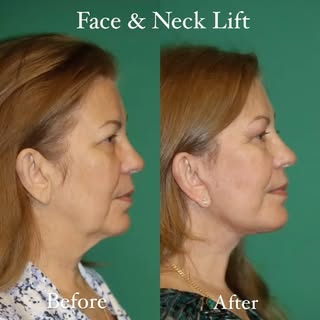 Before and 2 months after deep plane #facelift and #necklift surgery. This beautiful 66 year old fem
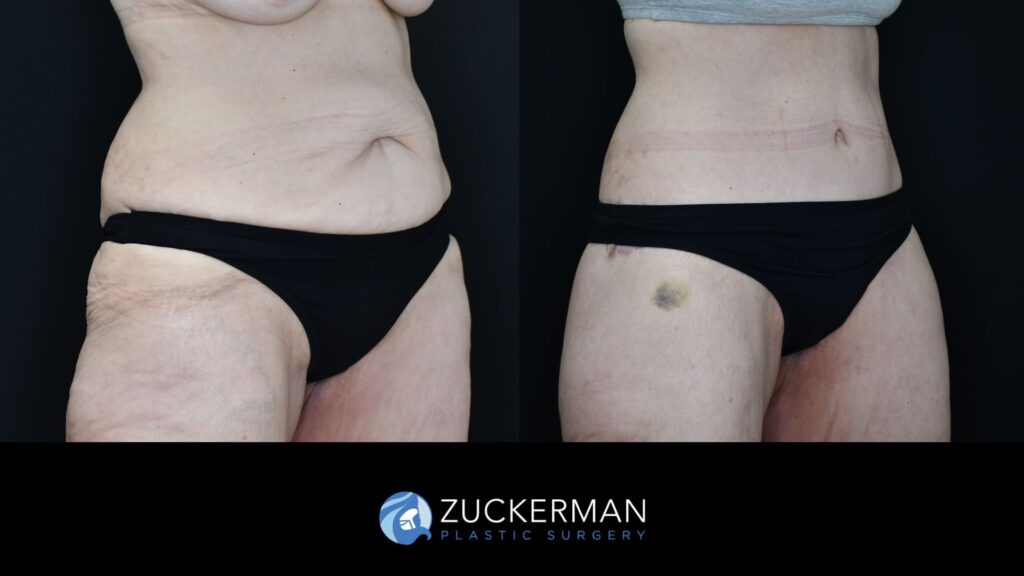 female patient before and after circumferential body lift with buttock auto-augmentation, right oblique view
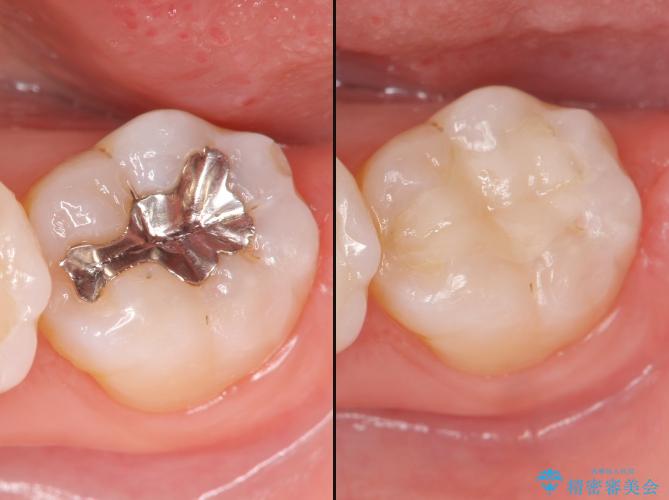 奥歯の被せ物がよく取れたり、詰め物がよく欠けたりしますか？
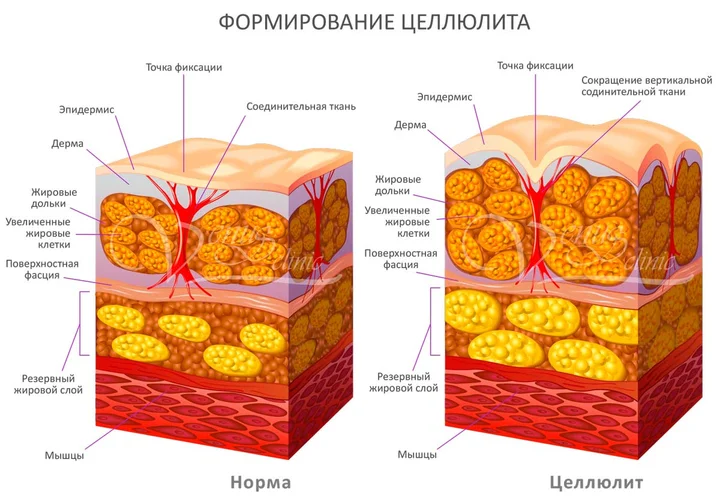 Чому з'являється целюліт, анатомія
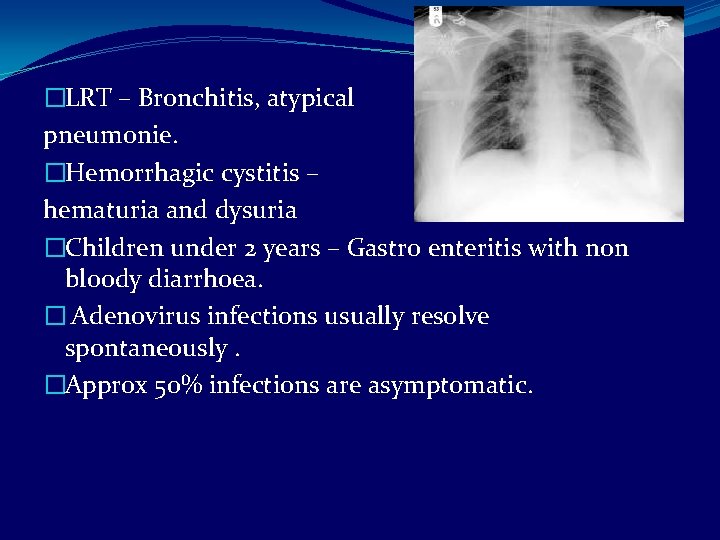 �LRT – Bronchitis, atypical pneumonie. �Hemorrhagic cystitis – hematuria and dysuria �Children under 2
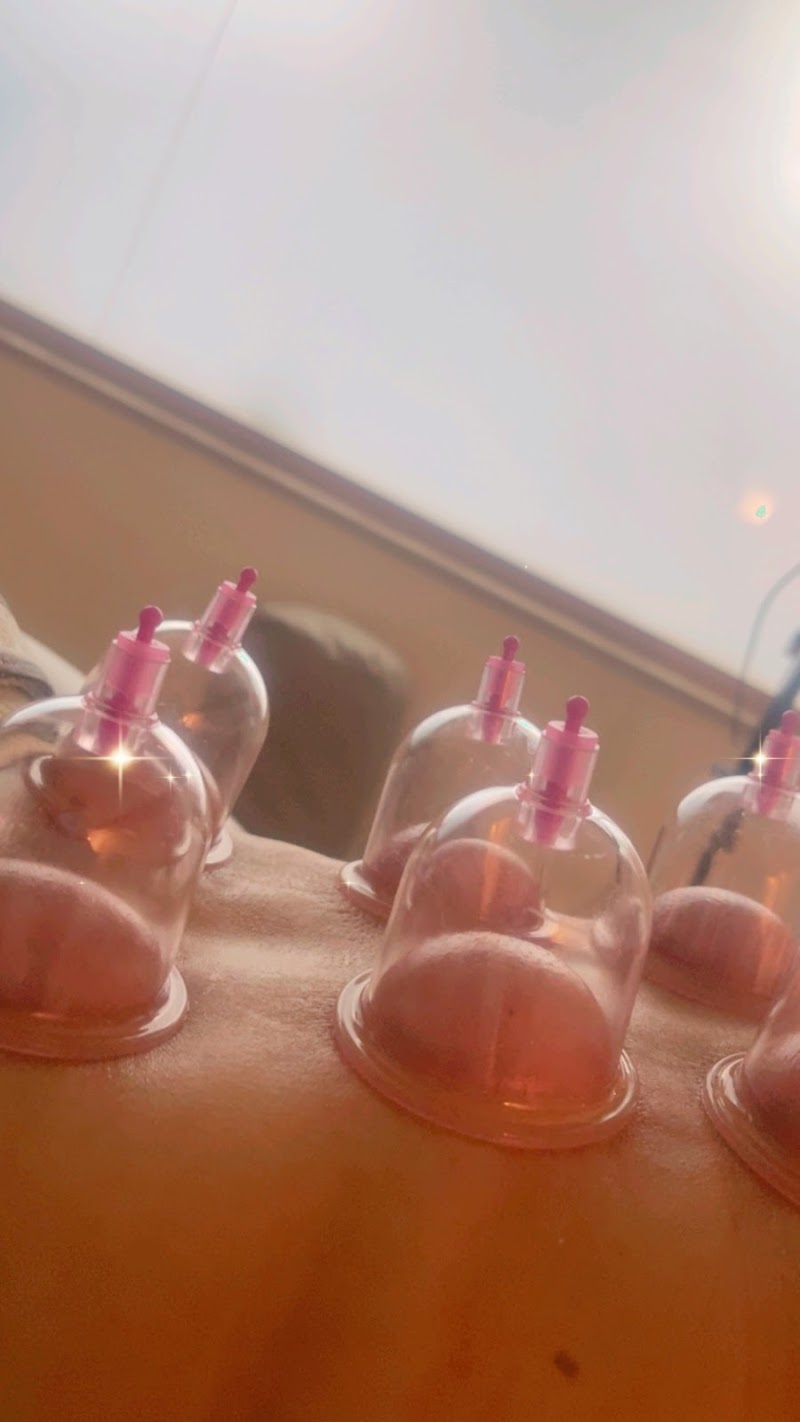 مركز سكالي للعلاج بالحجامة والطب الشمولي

--

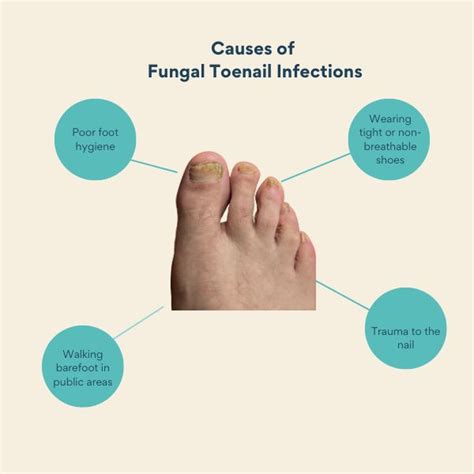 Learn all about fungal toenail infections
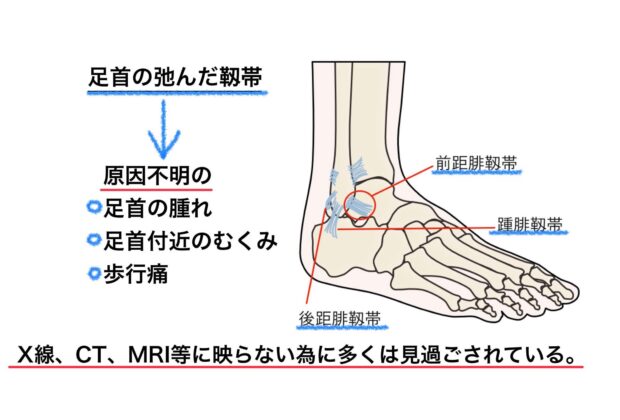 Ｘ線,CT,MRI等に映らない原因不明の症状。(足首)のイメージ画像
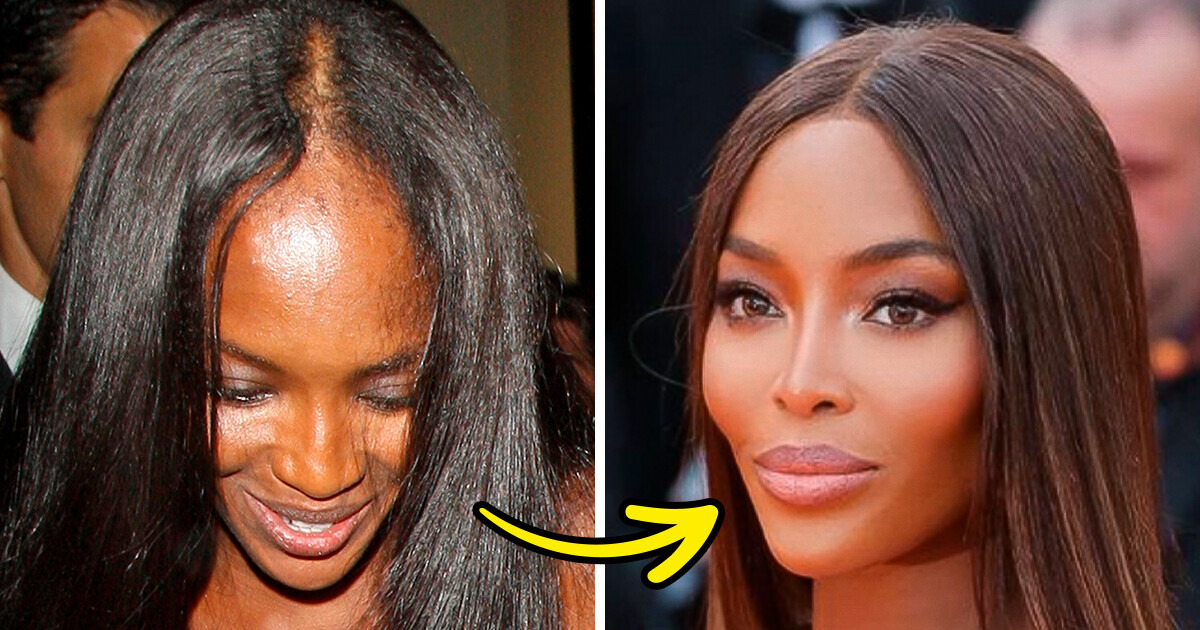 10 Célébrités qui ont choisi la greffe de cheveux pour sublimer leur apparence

Task instructions: Among the entries above, take the line with "dysuria �Children under 2", the line with "مركز سكالي للعلاج بالحجامة والطب الشمولي", and all the lines between them, and restate them word for word without pictures.

Response area:
 �LRT – Bronchitis, atypical pneumonie. �Hemorrhagic cystitis – hematuria and dysuria �Children under 2
 مركز سكالي للعلاج بالحجامة والطب الشمولي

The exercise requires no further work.